Посмею высказать свое посильное соображение. В этом французском сюжете можно усмотреть сугубо идеологическую завязку. Припомните, чем был знаменателен 77-й год. Советский народ отмечал 60-летие революции — с размахом, достойным сказок Востока. А кроме того — и это для нас актуальней — именно в тот год был принят новый Основной Закон, то есть Конституция, которая «закрепила широкие перспективы коммунистического строительства в нашей стране». Заодно всему миру лишний раз посоветовали не забывать о наших священных принципах свободы слова и прочих свободах. К тому же Москва уже готовилась к международному празднику спорта — Олимпиаде-80. Цековские и лубянские аналитики пораскинули мозгами и смекнули, что издать в Париже «литованные» пластинки всенародного кумира будет не менее выгодно с пропагандистской точки зрения, чем, скажем, доказать гостеприимство улыбчивого олимпийского Мишки работы художника Виктора Чижикова, проживавшего, кстати, с Высоцким в одном доме.
Высоцкий, возможно, даже превзошел ожидания «красных кардиналов», поскольку взял «чуть левее наклон» и добровольно выступил в Париже на празднике вполне коммунистической газеты «Юманите». При этом не нашлось ни одного свидетельства, что гость из СССР встречался или хотя бы искал встречи с бывшим советским гражданином Александром Аркадьевичем Галичем, чьи песни Высоцкий, как известно, ценил.
Галич умрет в том же Париже в декабре того же года.
На «Натянутом канате» Высоцкий поет не под свою гитару, вечно ненастроенную, что сообщало его песням особое биение, — а под оркестрик.
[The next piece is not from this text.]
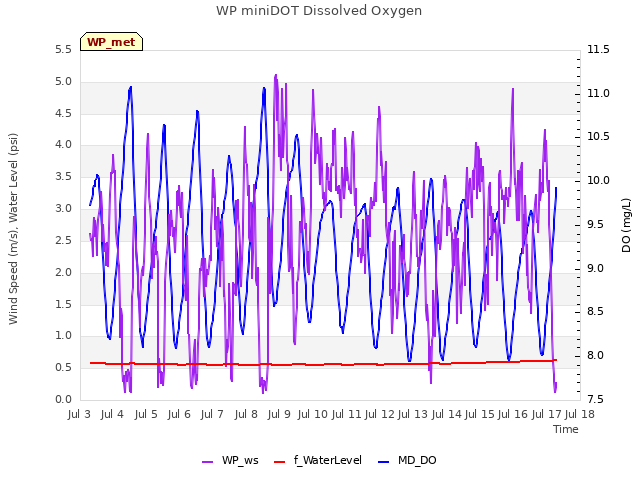 plot of WP miniDOT Dissolved Oxygen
Это, судя по всему, был еще один французский компромисс усталого барда. Продюсеры могли здраво рассудить, что не стоит злоупотреблять интересом потенциальных слушателей к русскому поющему артисту. Когда Юрий Любимов послушал пластинку, то проворчал, что ему не нравятся аранжировки. «Но у меня же не было выбора!» — воскликнул Высоцкий.
Распространились и куда более досадные для Владимира Семеновича мнения о его культурных контактах с Западом. Другой бард, Юрий Визбор, в некрологе (!) Высоцкому скажет: «Однажды случилось странное: искусство, предназначенное для отечественного уха, неожиданно приобрело валютное поблескивание. Однако здесь, как мне кажется, успех меньше сопутствовал артисту...»
Но ответить Высоцкий уже ничего не мог.